Extreme Raser sollen künftig ihr Auto verlieren. Das ist richtig, wird aber das Problem allein nicht lösen.


Wie stoppt man gemeingefährliche und hartnäckige Autoraser? Letzten Endes nur, indem man diesen die Tatwaffe, das Auto, wegnimmt. Und zwar, wenn es gar nicht anders geht, dauerhaft.

Gelindere Mittel haben bis dato nicht verhindern können, dass regelmäßig mit fahrlässig überhöhter Geschwindigkeit nicht nur die eigene Sicherheit gefährdet, sondern bewusst (wem das nicht klar ist, dürfte erst gar nicht eine Lenkberechtigung erhalten) das Leben unbeteiligter Dritter aufs Spiel gesetzt wird. Daher sollen also Autos von extremen Rasern künftig beschlagnahmt und versteigert werden. Das ist der Kern einer Gesetzesnovelle zur Straßenverkehrsordnung, die ÖVP und Grüne schon kurz nach Regierungsstart angekündigt haben und nun endlich auch umsetzen wollen.

Die Täter, sofern sie bei klarem Bewusstsein handeln, dort zu treffen, wo es mutmaßlich am meisten wehtut, ist vernünftig. Wenn der drohende Verlust des geliebten fahrbaren Untersatzes, so irrational diese Liebe von außen betrachtet auch sein mag, zum Verzicht auf extreme Raserei führt, hätte die Gesetzesnovelle ihren Zweck erfüllt. Zumindest wenn diese Drohung bis in das aktive Bewusstsein der oft jungen und männlichen Lenker durchdringt.

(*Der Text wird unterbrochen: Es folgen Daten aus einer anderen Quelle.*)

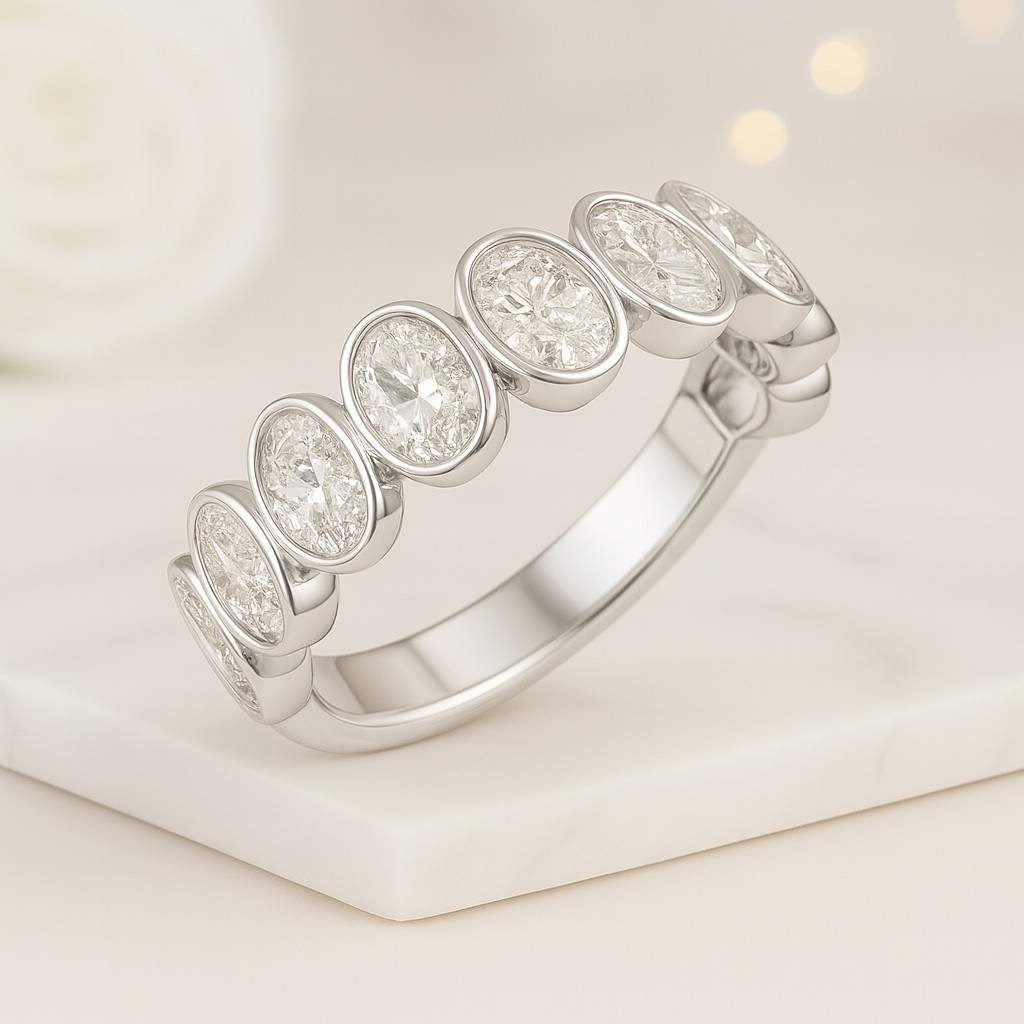 handmade jewelry trendy ring classy ring minimal ring gold jewelry oval band crystal jewelry bright ring sparkling ring clean design ring stylish jewelry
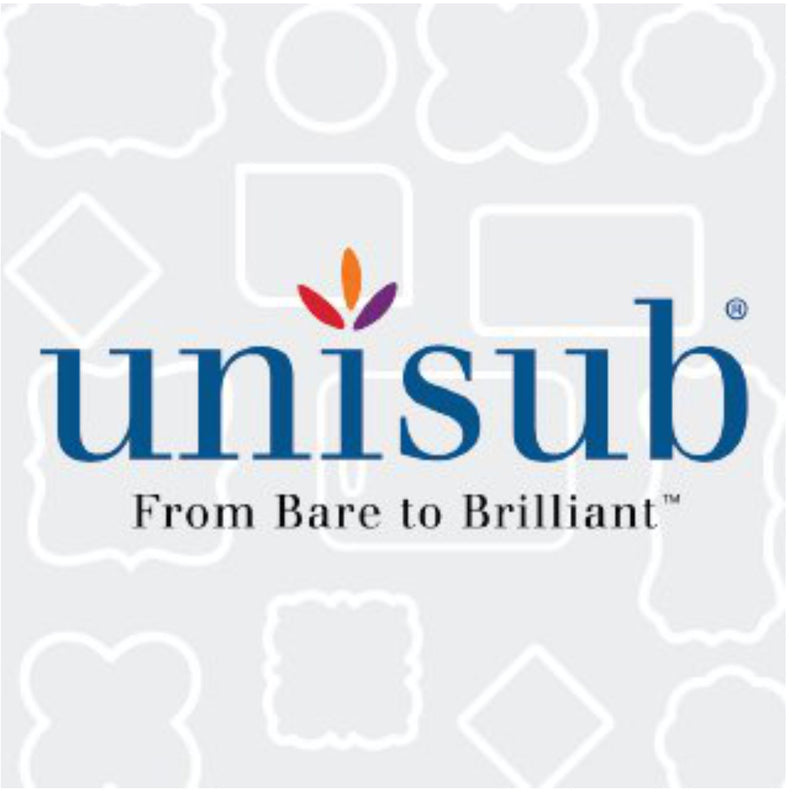 Unisub Sublimation License Plate Blank - 5.88" x 11.88" - 5656 Sublimation Unisub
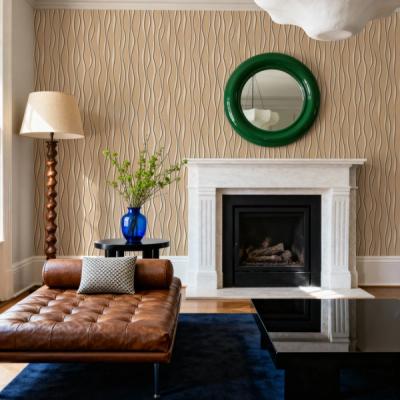 Swaying Lines, Warm Beige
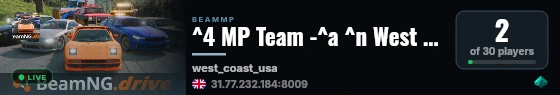 ^4 MP Team -^a ^n West Coast USA [RU] live status badge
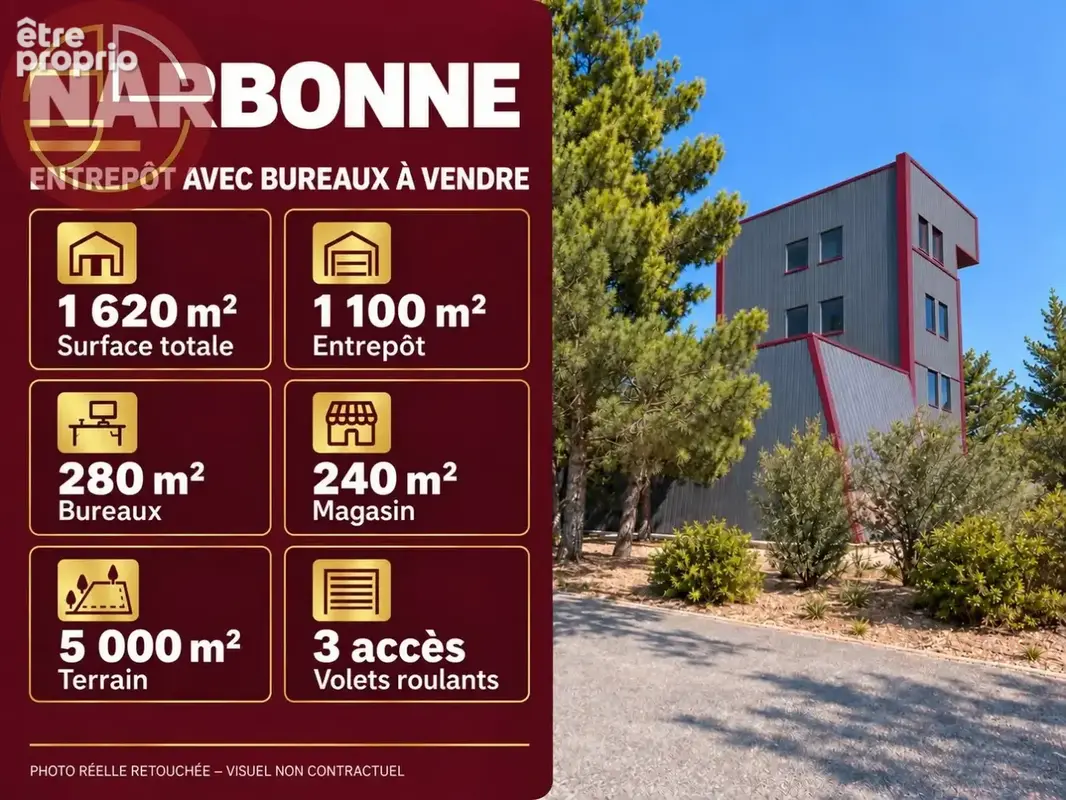 Photo Commerce à Narbonne au prix de 1 100 000€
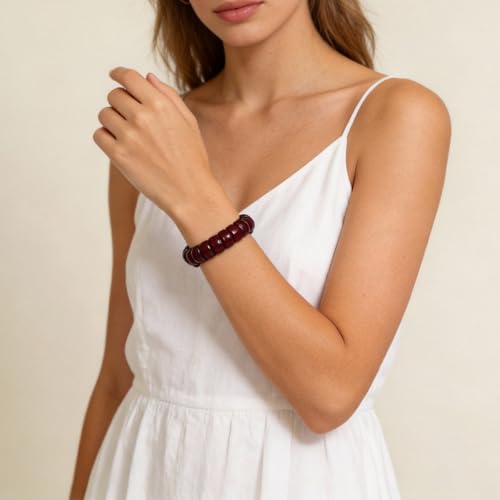 Image of Fidget Bracelet for Women Anxiety Bodhi Seeds Beaded Bracelets, Zen Fidget Stretch Bracelet Alleviate Anxiety Stress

Wunder an Effektivität sind dennoch nicht zu erwarten. Dafür ist der Stellenwert des Autos als Projektionsfläche für Sehnsüchte und schnelles Fahren als Ersatz für fehlende Freiheit im echten Leben viel zu tief im kollektiven kulturellen Unterbewusstsein Heranwachsender (und etlicher ewig Pubertierender) verankert. Und je deprimierender die eigene Gegenwart und Lebensperspektive, desto verführender ist die Flucht in kurze, wenngleich vorübergehende Momente erlebter Selbstbefreiung.

Schnelles Autofahren gilt für manche noch immer als Synonym für den individuellen Ausbruch aus allen gesellschaftlichen Fesseln: In dem Lied "Racing in the Street" hat Bruce Springsteen diesem Lebensgefühl ganzer Generationen nach 1945, das bis heute in immer neuer Gestalt fortgeschrieben wird, ein Denkmal gesetzt.

Gegen solche Träume können schärfere Gesetze nicht allein bestehen, eben weil beim Rasen die Vernunft nicht mitfährt. Aber ein Mosaikstein ist die Beschlagnahmung der Tatwaffe Auto für Wiederholungstäter allemal. Ein wesentlicher Teil sind öffentliche Debatten, die ein solches Verfahren klar benennen. Wie jüngst die Frage, ob tödliche Unfälle, die durch extremes Rasen verursacht werden, nicht juristisch als Mord zu werten sind. Auch Bilder und Berichte von so verurteilten Tätern haben ihre Wirkung.